Swedish envoy to England

Peter Julius Coyet (1618–1667), was a prominent Swedish envoy to England during the time of Oliver Cromwell.

==Biography==
He was born in Stockholm as the son of Gillis Coyet and the brother of Otto and Frederick Coyett; the family was of Flemish origin. He grew up in Falun, but in 1629 his father moved to Moscow and settled there as a goldsmith and master of the Mint. In 1634 his father died. Peter was sent to Amsterdam, attended lessons at the Athenaeum Illustre and moved to Leiden in 1637 to study at the university. He returned to Sweden in 1642 and was appointed as secretary in the chancellery. In 1647 he was sent to Moscow in an embassy. He probably assisted Queen Christina where to bind or buy books from Dutch booksellers. Like his brother - the first Swede to travel to Japan and China - Coyet was knighted in 1649, and in December 1654–May 1656 he was sent as an envoy in England. In July 1655 Crister Bonde arrived as ambassador to England and both dealt with Bulstrode Whitelocke on using Swedish ports, but their negotiations during the Second Northern War about the English trade in the Baltic and with Russia seems to have been unsuccessful, although he was knighted by Oliver Cromwell the Lord Protector in 1656.

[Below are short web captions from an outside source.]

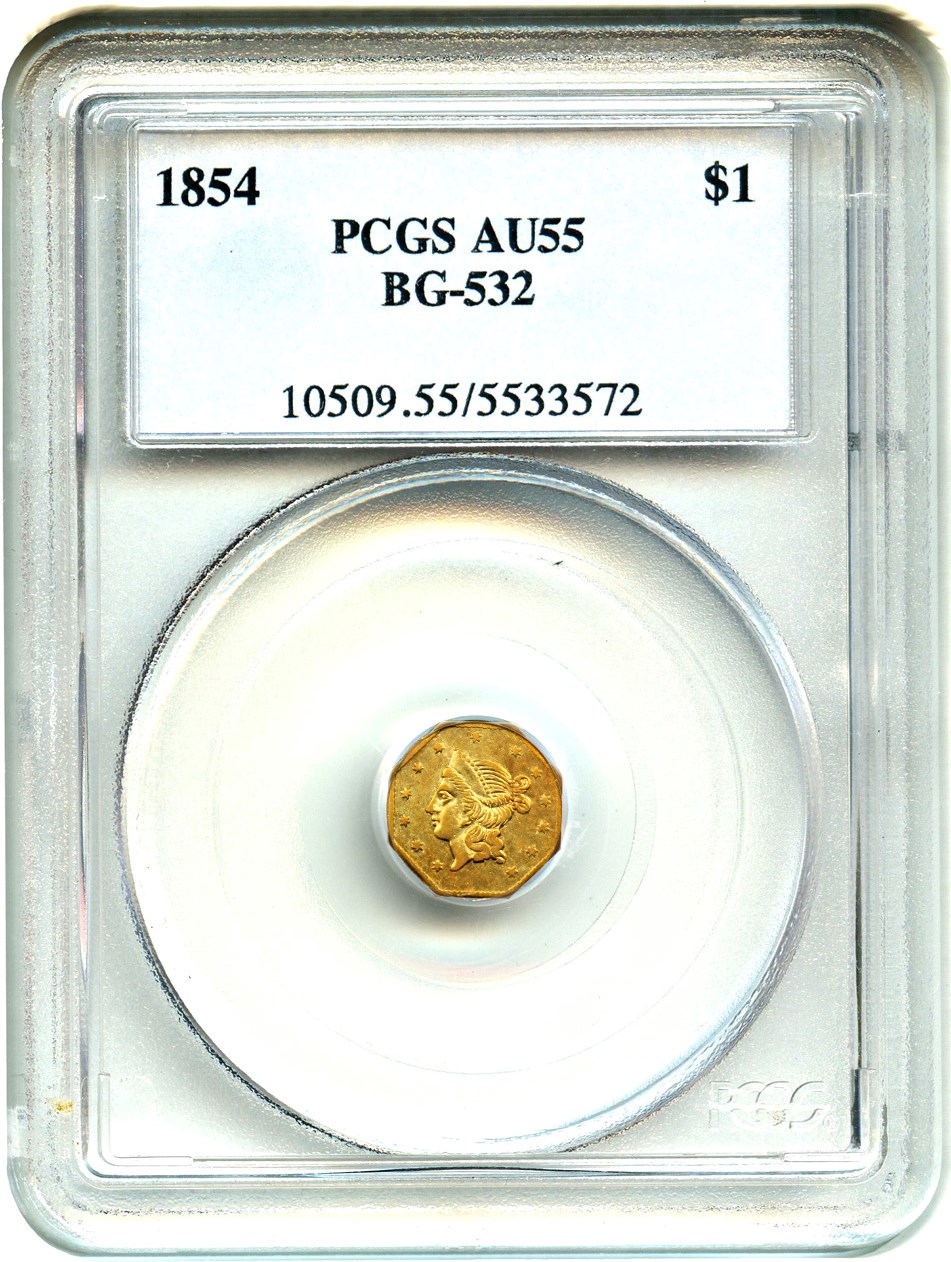image for: 1854 Cal. Gold $1 PCGS AU55 (BG-532)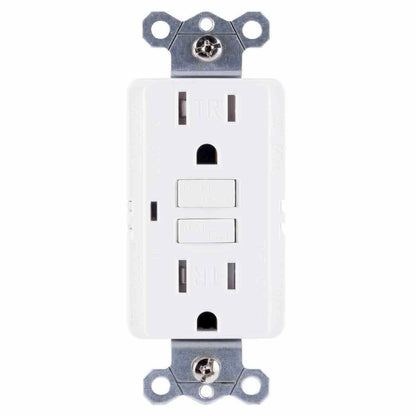 GE GFCI Tamper Resistant Receptacle with LED Indicator, White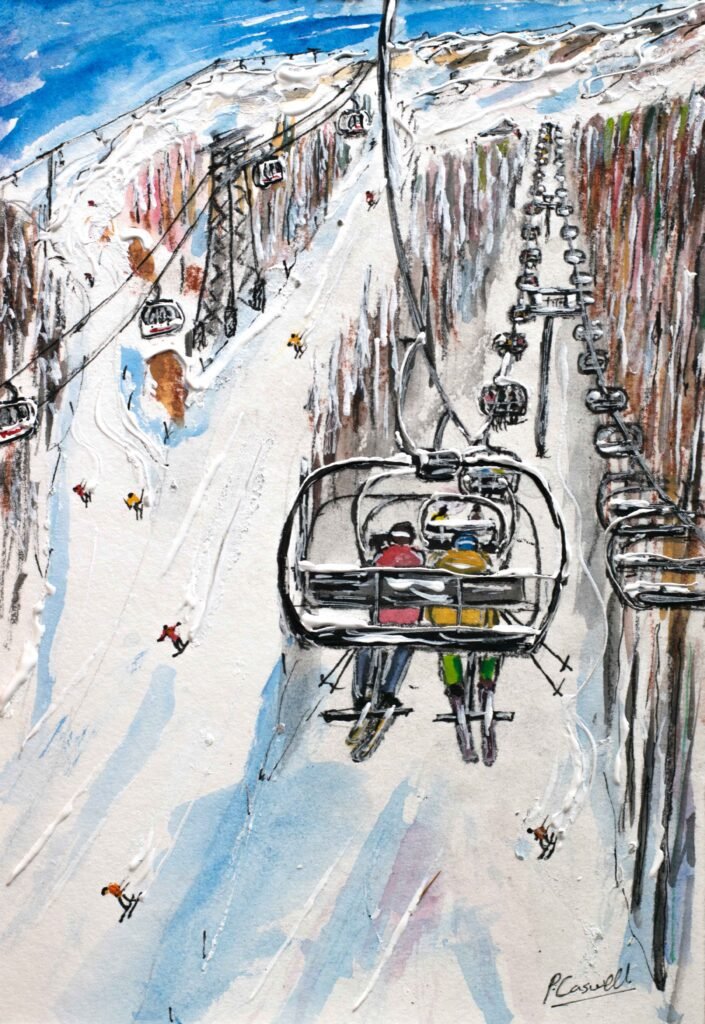 Val D'Isere Chair Lift Ski Art Painting La Face de Bellevarde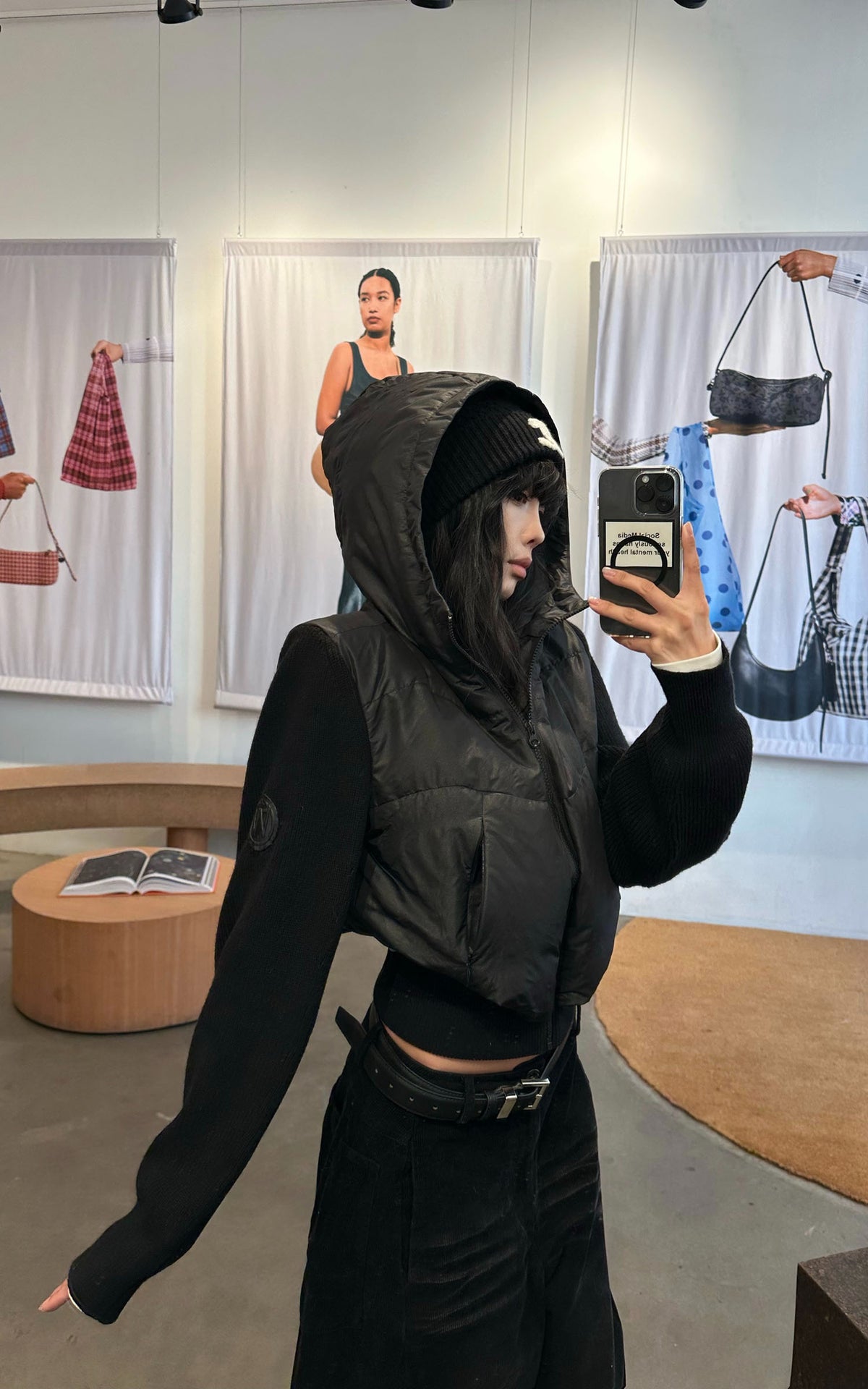 WARDEN EDGE Black Hooded Puffer Jacket with Knit Sleeves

In 1657 he was appointed State Secretary of Sweden and reassigned to Holland to deal with Coenraad van Beuningen and Johan de Witt. He was involved in the Treaty of Roskilde. He also negotiated the breach of the peace with Denmark in the summer of 1658.. Shortly afterwards he was sent again to the Dutch Republic to persuade the Dutch not to supply weapons to the Swedish enemy, Denmark. In 1660 he met in the Hague with Charles II of England. In 1667 he was involved in the Treaty of Breda between the English and the Dutch, where he died within a few weeks. His remains were sent to Stockholm.

==Family==
Coyet was married twice, in 1645 and in 1649; he was wealthy and left behind many estates, farms, books, letters and nine children. One of them was Wilhelm Julius Coyet (1647–1709).